Note: extracts everything within these pairs as a whole quote segment, which may or may not be the desired behaviour for texts that use different formatting styles than standard english ones.
|Property name||Annotator class name||Generated Annotation|
|quote||QuoteAnnotator||QuotationsAnnotation, CharacterOffsetBeginAnnotation, CharacterOffsetEndAnnotation, QuotationIndexAnnotation, QuotationsAnnotation (if embedded quotes), TokensAnnotation (if tokenize present), TokenBeginAnnotation (if tokenize present), TokenEndAnnotation (if tokenize present), SentenceBeginAnnotation (if ssplit present), SentenceEndAnnotation (if ssplit present)|
As of version 3.9.1 of Stanford CoreNLP, the QuoteAnnotator will also try to attribute the quotes by default.
This can be deactivated by setting the
quote.attributeQuotes property to
If you run this command:
java edu.stanford.nlp.pipeline.StanfordCoreNLP -annotators tokenize,pos,lemma,ner,depparse,coref,quote -file quote-example.txt -outputFormat text
On this text
In the summer Joe Smith decided to go on vacation. He said, "I'm going to Hawaii." That July, vacationer Joe went to Hawaii.
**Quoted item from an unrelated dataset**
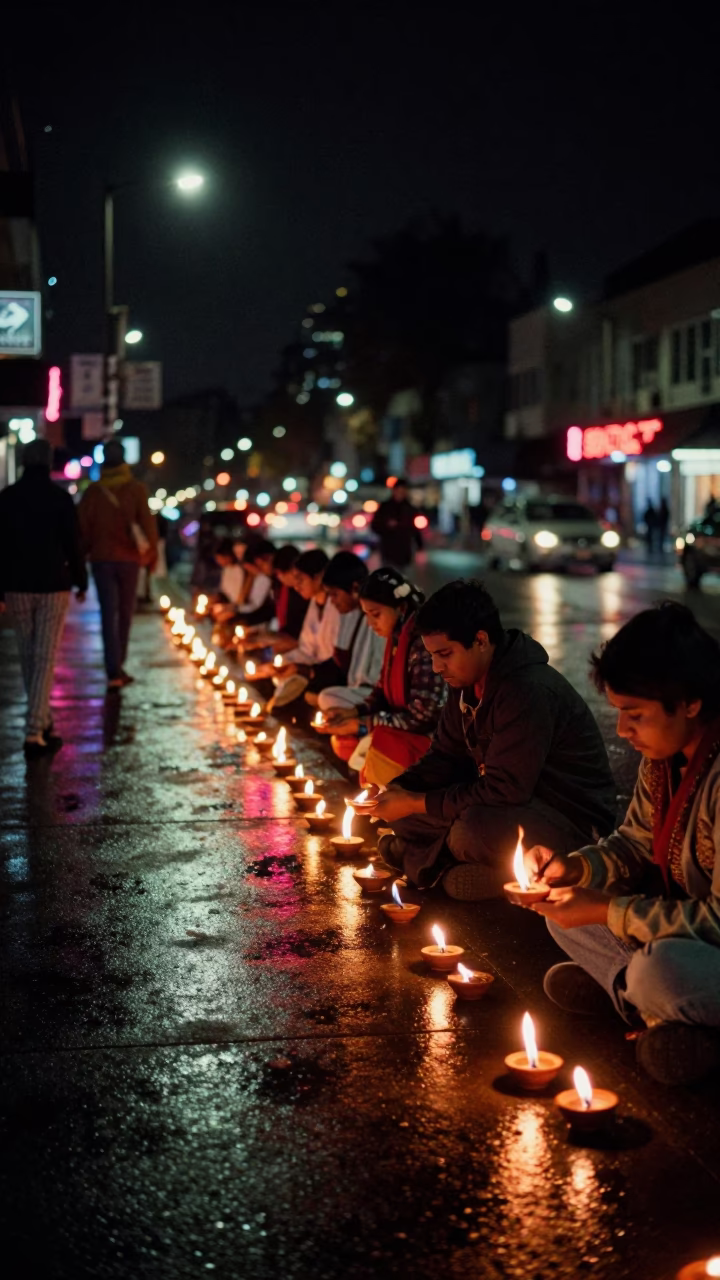 Late Night Vancouver Street Scene with Colorful Diwali Oil Lamps and Urban Reflections in in Vancouver, British Columbia, Canada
You should get this output for the quote in the text:
Extracted quotes: [QuotationIndex=0, CharacterOffsetBegin=61, Text="I'm going to Hawaii.", Speaker=Joe Smith]
If you didn’t want to run quote attribution, you would add
-quote.attributeQuotes false to your command.
- quote.singleQuotes: “true” or “false”, indicating whether or not to consider ‘ tokens (single quotes) to be quotation marks (default=false).
- quote.maxLength: maximum character length of quotes to consider (default=-1).
- quote.asciiQuotes: “true” or “false”, indicating whether or not to convert all quotes to ascii quotes before processing (can help when there are errors in quote directionality) (default=false).
- quote.allowEmbeddedSame: “true” or “false” indicating whether or not to allow smart/directed (everything except “ and ‘) quotes of the same kind to be embedded within one another (default=false).